• _Assignment_:
Please copy the listing that follows exactly, leaving out any pictures.

• _Collected material_:
#####

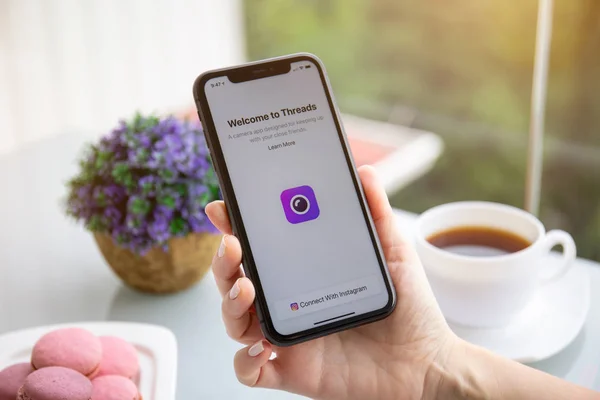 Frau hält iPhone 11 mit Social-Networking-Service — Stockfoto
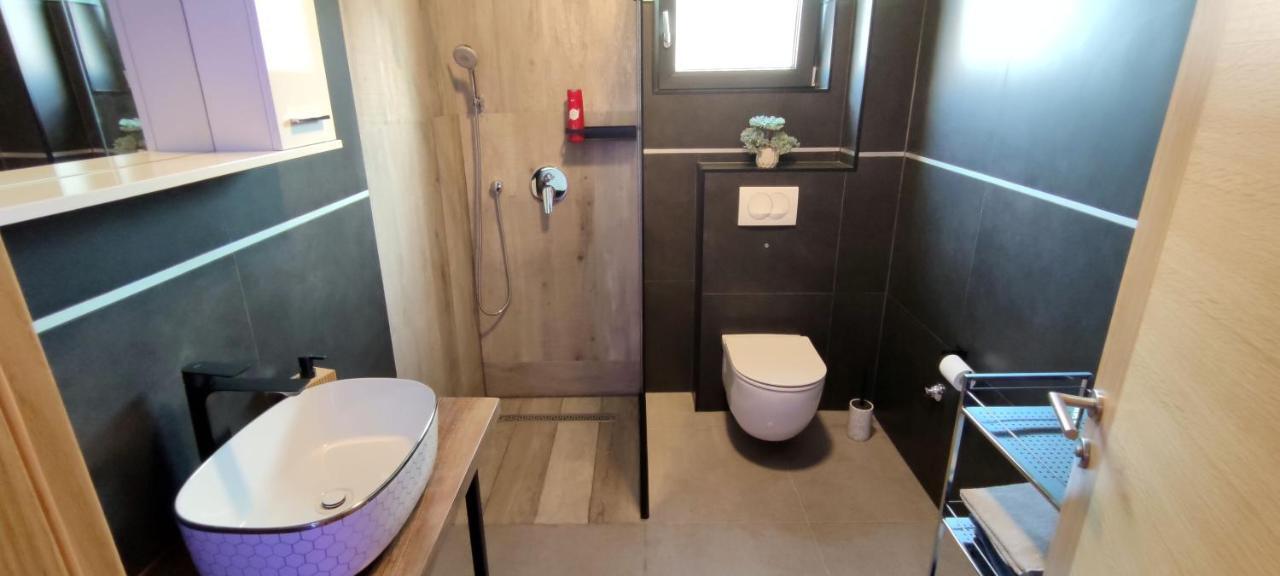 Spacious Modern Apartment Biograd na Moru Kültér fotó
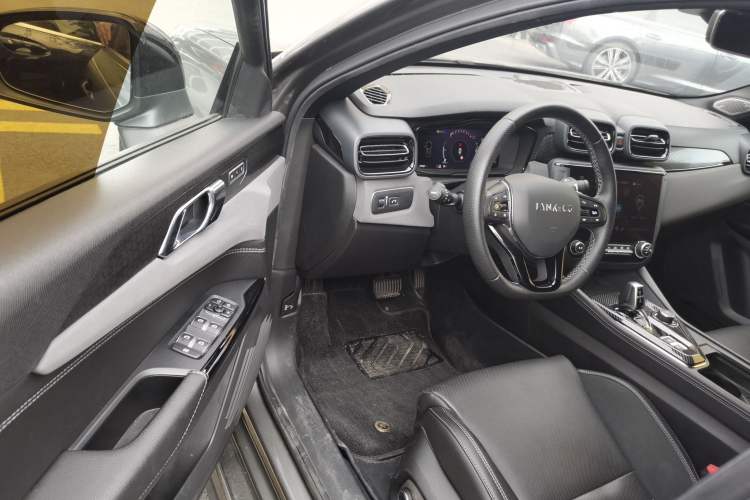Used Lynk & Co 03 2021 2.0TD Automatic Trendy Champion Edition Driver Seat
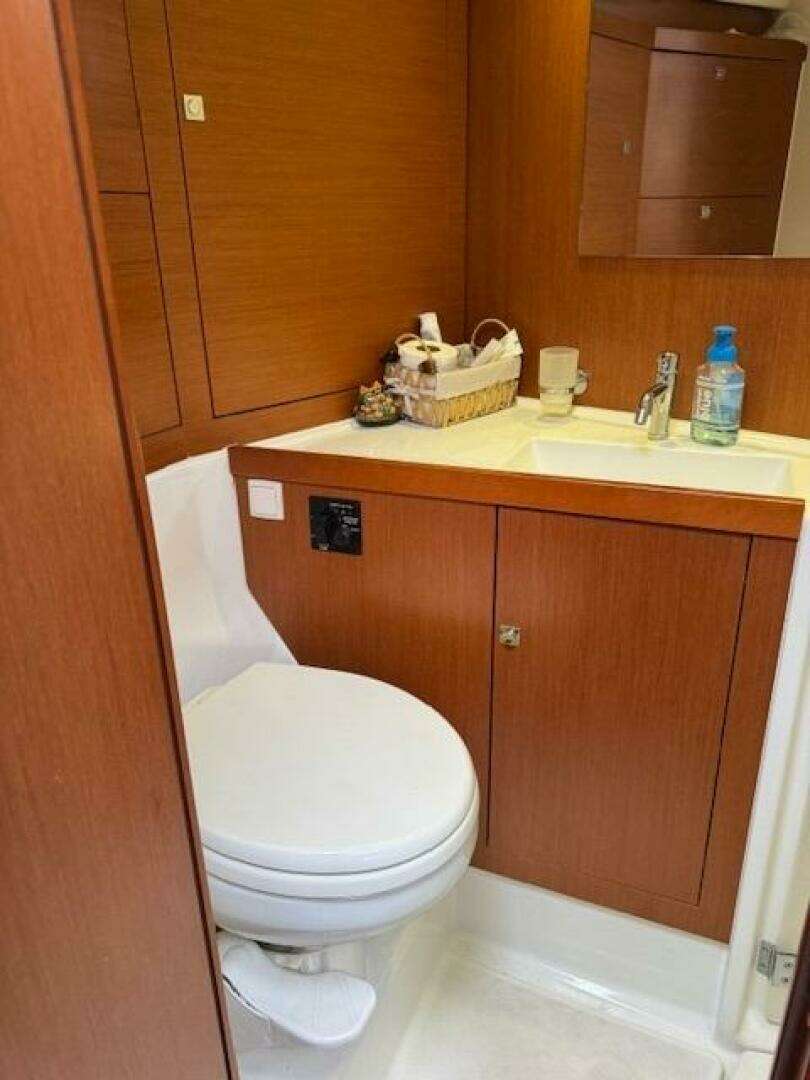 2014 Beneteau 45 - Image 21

#####

• _Reply to the exercise_:
 Frau hält iPhone 11 mit Social-Networking-Service — Stockfoto
 Spacious Modern Apartment Biograd na Moru Kültér fotó
Used Lynk & Co 03 2021 2.0TD Automatic Trendy Champion Edition Driver Seat
 2014 Beneteau 45 - Image 21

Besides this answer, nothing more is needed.